++++ MATERIAL FOR THIS TASK

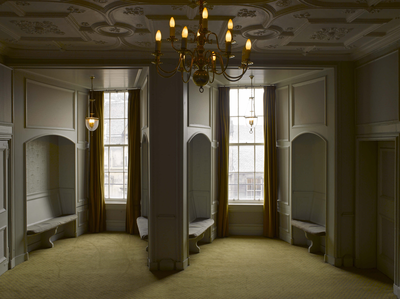 Ornate ceiling and window seats, Riddles Court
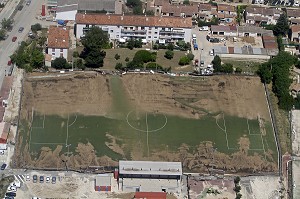 STADE DE FOOTBALL DRAGUIGNAN APRES LA DECRUE, DRAGUIGNAN, VAR (83) 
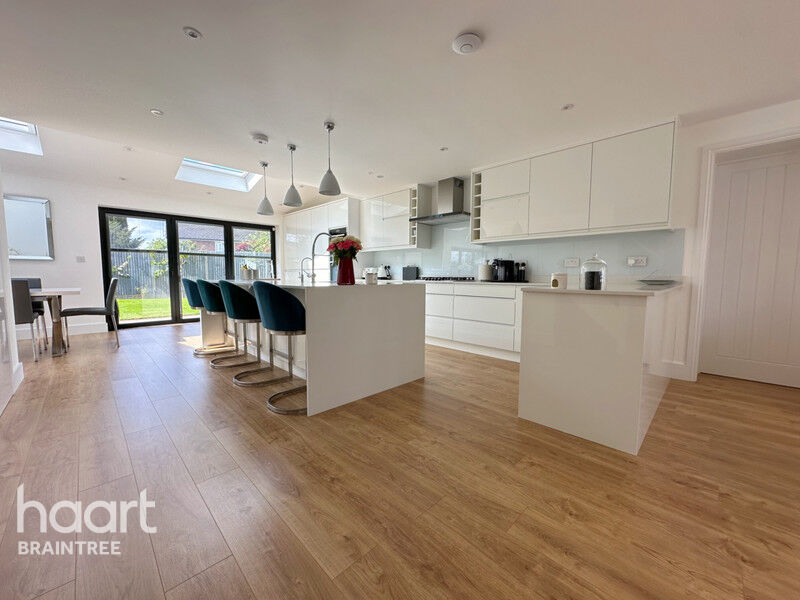 Property For Sale In Braintree, Essex haart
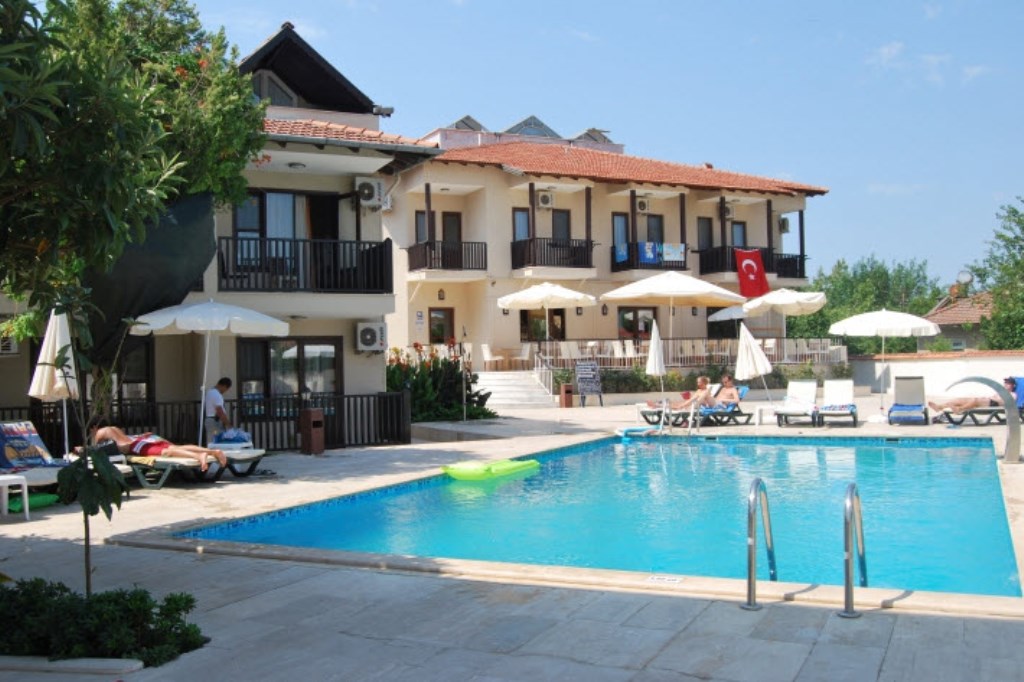 

Roma - Dalyan - Hotel Binlik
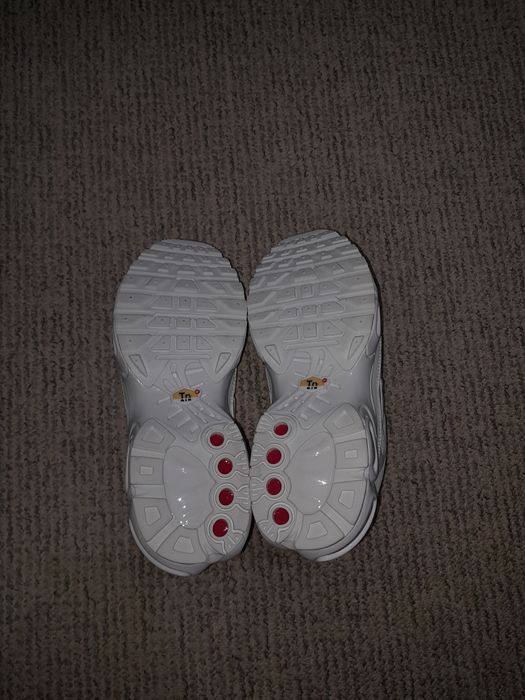 Nike tn triple white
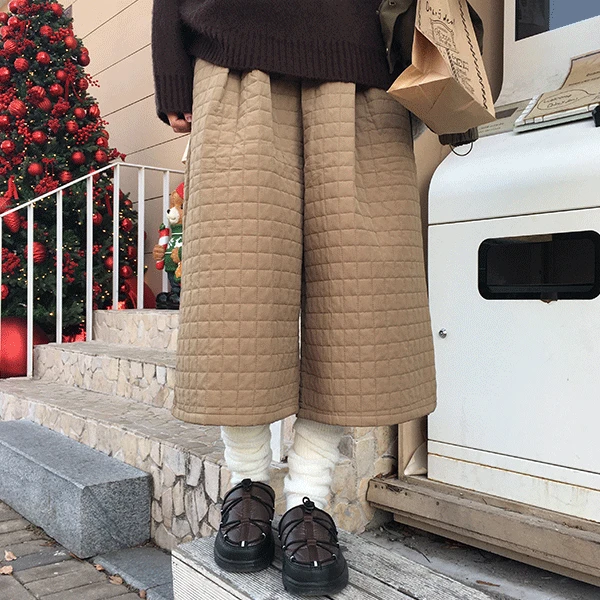 [누빔안감] 두쫀 패딩 퀄팅 맥시 롱 버뮤다 팬츠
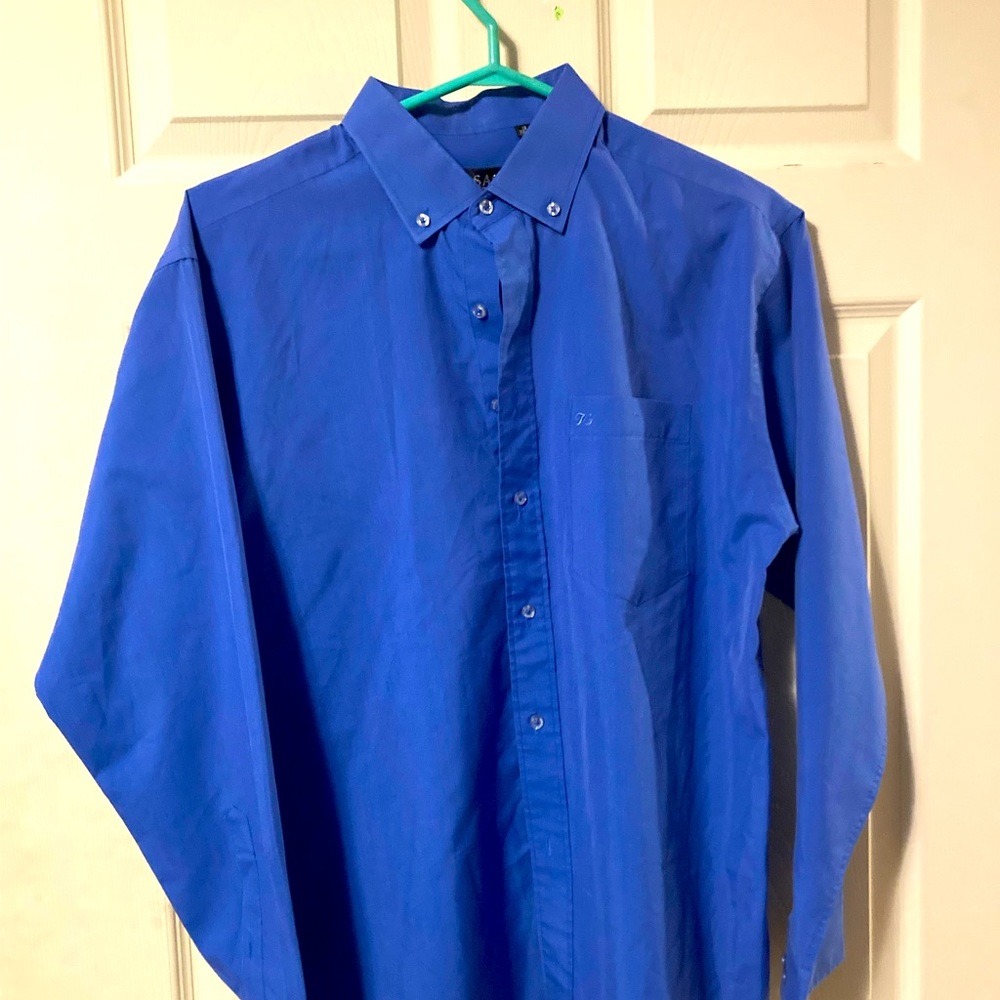 Versace V2 dress shirt. Excellent condition. Great color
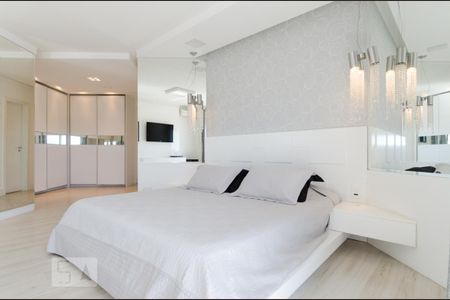 Apartamento para alugar com 285m², 3 quartos e 4 vagas Apartamento para alugar com 285m², 3 quartos e 4 vagasQuarto da suíte 3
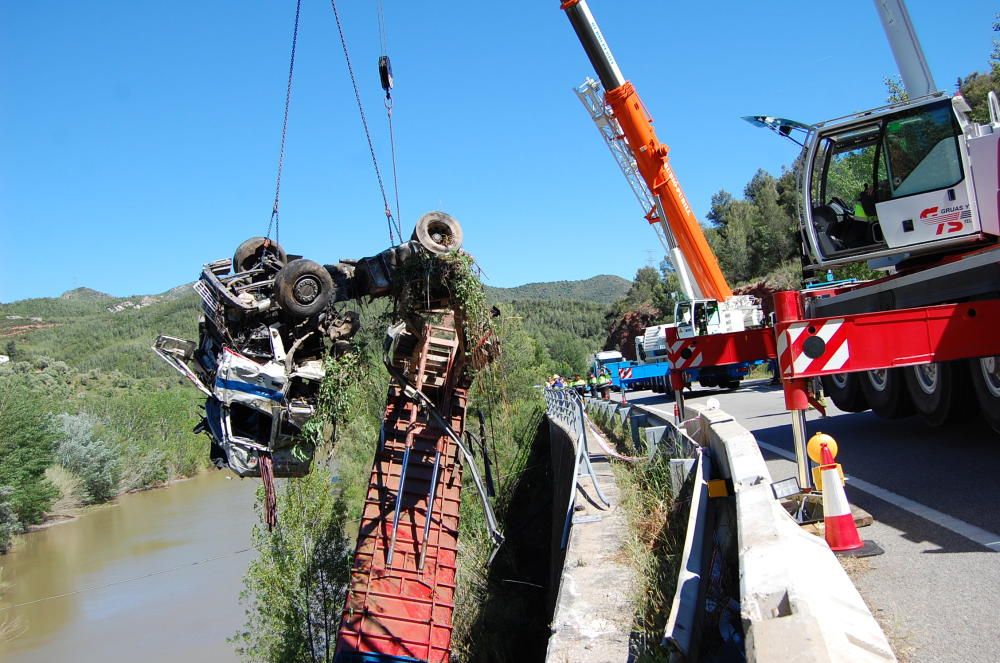 Retirada d'un camió accidentat a la C-55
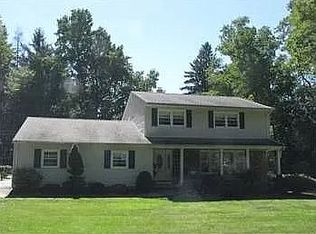 165 Sickletown Rd, West Nyack, NY 10994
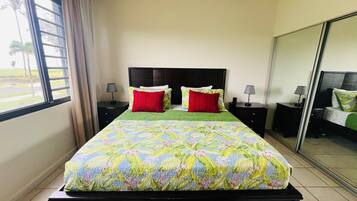 2 Schlafzimmer, Reisekinderbett, kostenloses WLAN, Bettwäsche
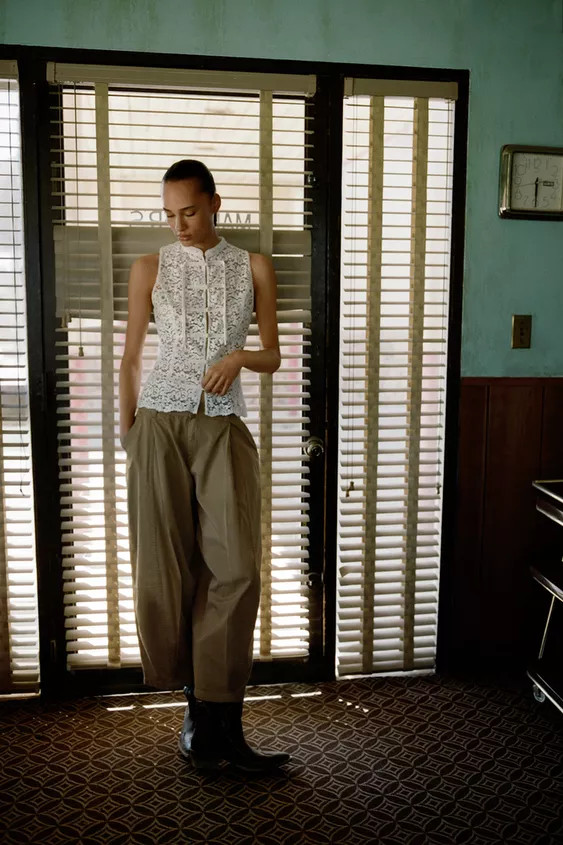 GUIPURE FIREMAN CLASP TOP | Zara US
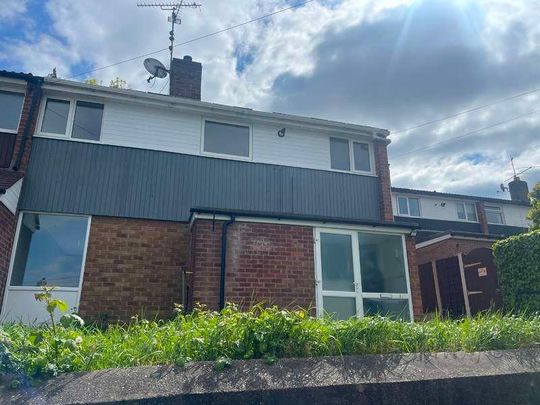 Starthe Bank, Heanor, DE75 - Photo 1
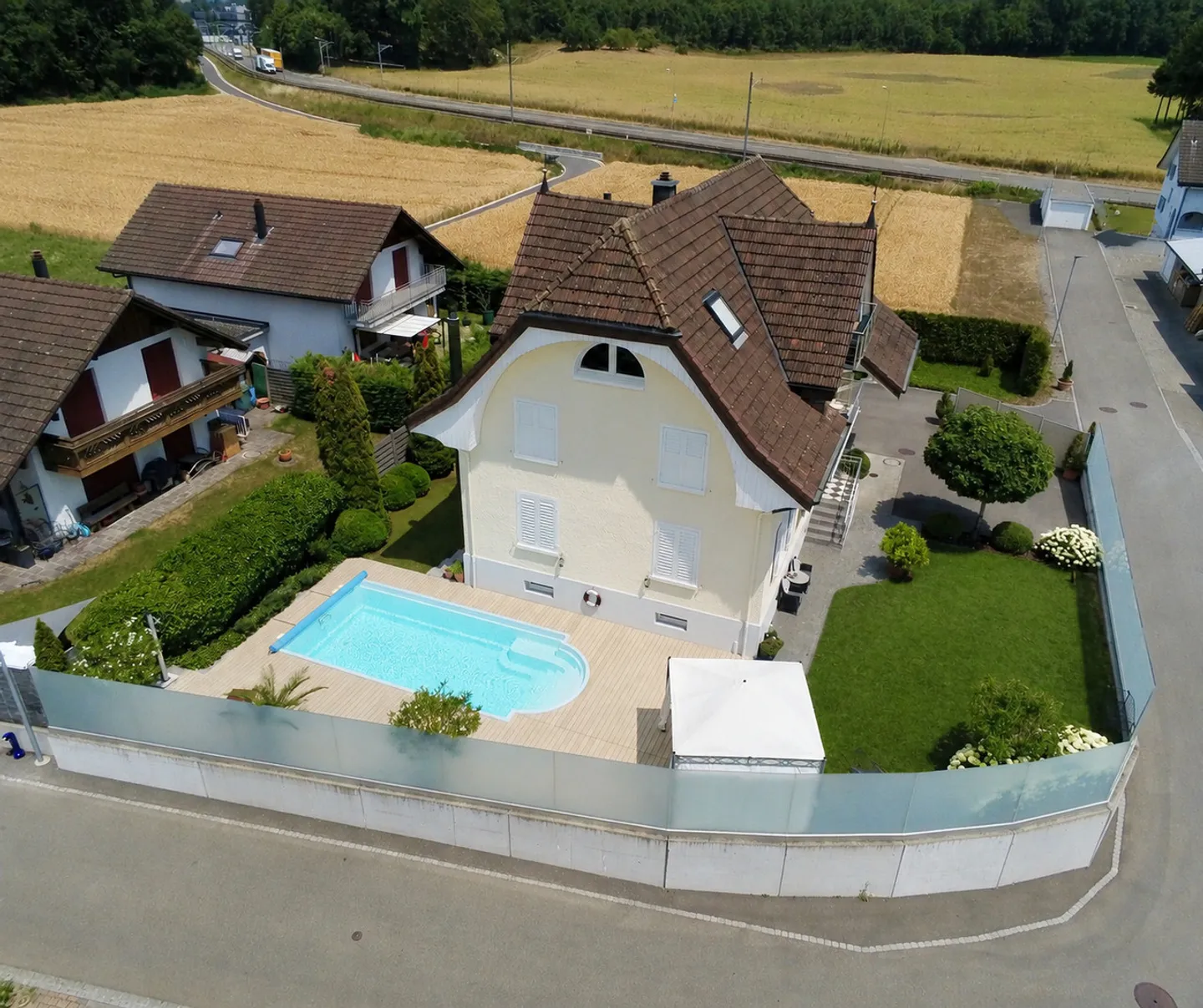 Charming Villa with Mountain Views - Photo 15 of 18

++++++++

• [REQUIRED WORK]: Word for word, give again the lines from the line with "2 Schlafzimmer, Reisekinderbett, kostenloses" through the end of the records above, with both ends included and the pictures left out.

• [RESULT OF THE EXERCISE]:
 2 Schlafzimmer, Reisekinderbett, kostenloses WLAN, Bettwäsche
 GUIPURE FIREMAN CLASP TOP | Zara US
 Starthe Bank, Heanor, DE75 - Photo 1
 Charming Villa with Mountain Views - Photo 15 of 18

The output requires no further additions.